Teamwork and Collaboration
Team Building Challenges
When authors Mike and Harvey Robbins wrote a book called “Why teams don’t work” – they weren’t saying teams “don’t” work, but highlighting the roadblocks to effective teamwork. Listed below are some of the reasons they cite for poor team performance.
Why teams don’t work . . .
- Bad/poor leadership practice(s)
- Invisible/inadequate leadership
- Bleary vision
- Uncertain boundaries
- Unresolved roles
- Mismatched needs
- Insufficient feedback and information
- Personality conflicts
- Bad decision making
- Lack of team trust
- Unwillingness to change.
- Anti-team culture
- Confused goals
- Cluttered objectives
- Bad policies
- Stupid procedures
Although this is quite a long list, we can readily categorize these problems into four realms or clusters as follows:
The clusters represent quite unique team building challenges.
Team Leadership problems are obviously related to the team leader, rather than to team members and make team building difficult because the leader typically needs to make the greatest change in terms of current behavior of approaches. For team building to work, a leader either needs to start thinking in new ways ahead of time, or at least be open to make adjustments in the future. If neither of these are possible, team building efforts are likely to be sub-optimized of fail completely.
Team Relationship problems (such as personality conflicts) are often best dealt with on a private basis between the individuals concerned and not in a team building situation. However, if the relationship problems are about communication shortfalls, role clarity or mismatches between people and the jobs they are being asked to do, team building can be a good way to tease out the issues and potentially identify new ways that things might be done in the future.

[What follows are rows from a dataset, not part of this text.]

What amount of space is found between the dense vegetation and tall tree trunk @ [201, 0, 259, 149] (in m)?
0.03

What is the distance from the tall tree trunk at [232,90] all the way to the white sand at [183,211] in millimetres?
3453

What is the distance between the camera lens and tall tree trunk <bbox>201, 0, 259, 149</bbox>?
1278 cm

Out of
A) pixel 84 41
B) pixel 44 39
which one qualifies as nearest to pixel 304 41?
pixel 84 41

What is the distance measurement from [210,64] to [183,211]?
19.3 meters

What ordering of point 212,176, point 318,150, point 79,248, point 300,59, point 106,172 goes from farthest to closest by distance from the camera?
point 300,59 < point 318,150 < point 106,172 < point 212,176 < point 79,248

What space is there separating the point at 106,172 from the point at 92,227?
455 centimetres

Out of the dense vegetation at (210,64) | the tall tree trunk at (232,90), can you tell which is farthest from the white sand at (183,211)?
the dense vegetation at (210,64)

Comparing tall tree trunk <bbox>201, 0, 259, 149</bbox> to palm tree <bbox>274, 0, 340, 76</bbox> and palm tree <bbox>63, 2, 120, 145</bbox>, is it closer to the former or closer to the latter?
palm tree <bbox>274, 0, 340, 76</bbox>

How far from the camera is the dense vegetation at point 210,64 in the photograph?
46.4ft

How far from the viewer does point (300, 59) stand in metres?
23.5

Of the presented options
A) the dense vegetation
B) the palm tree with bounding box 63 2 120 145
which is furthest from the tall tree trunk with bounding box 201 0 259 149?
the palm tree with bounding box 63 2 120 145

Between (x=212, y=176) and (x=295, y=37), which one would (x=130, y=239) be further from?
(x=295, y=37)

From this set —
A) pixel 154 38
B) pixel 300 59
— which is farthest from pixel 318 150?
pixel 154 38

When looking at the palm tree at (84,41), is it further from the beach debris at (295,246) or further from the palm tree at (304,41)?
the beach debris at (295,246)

Team Values/Beliefs problems often stem from the leader, who may well let individuals hold very different beliefs and/or values which can lead to many problems in terms of consistency of decisions, and trust. A very “hands-off” leader may also allow a culture that is not very team oriented or unwilling to face up to major change, when it comes along. Team building can be useful in these circumstances as it allows a leader to not only air any issues but to seek to create more values/beliefs alignment in the interests of better team efficiency and effectiveness.

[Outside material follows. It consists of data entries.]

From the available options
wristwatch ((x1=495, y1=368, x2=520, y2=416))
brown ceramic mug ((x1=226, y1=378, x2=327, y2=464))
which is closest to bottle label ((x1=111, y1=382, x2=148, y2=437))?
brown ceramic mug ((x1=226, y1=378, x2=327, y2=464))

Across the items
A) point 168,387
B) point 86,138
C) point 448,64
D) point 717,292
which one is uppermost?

Team Processes problems relate to all the policies, procedures, operating standards and systems which exist to guide the team’s efforts. If well-designed and clear to all they are rarely much of an issue. However, where this is not the case, team performance can suffer greatly change has to occur. Team building activities can be a great way to address team process problems and challenges and start to identify better ways of doing things.
Team building challenges tend to fall into four realms or clusters. These relate to Team Leadership, Team Relationships, Team Beliefs/Values and Team Processes. Effort is therefore best invested in analyzing in which cluster most problems tend to exist before designing any team building efforts.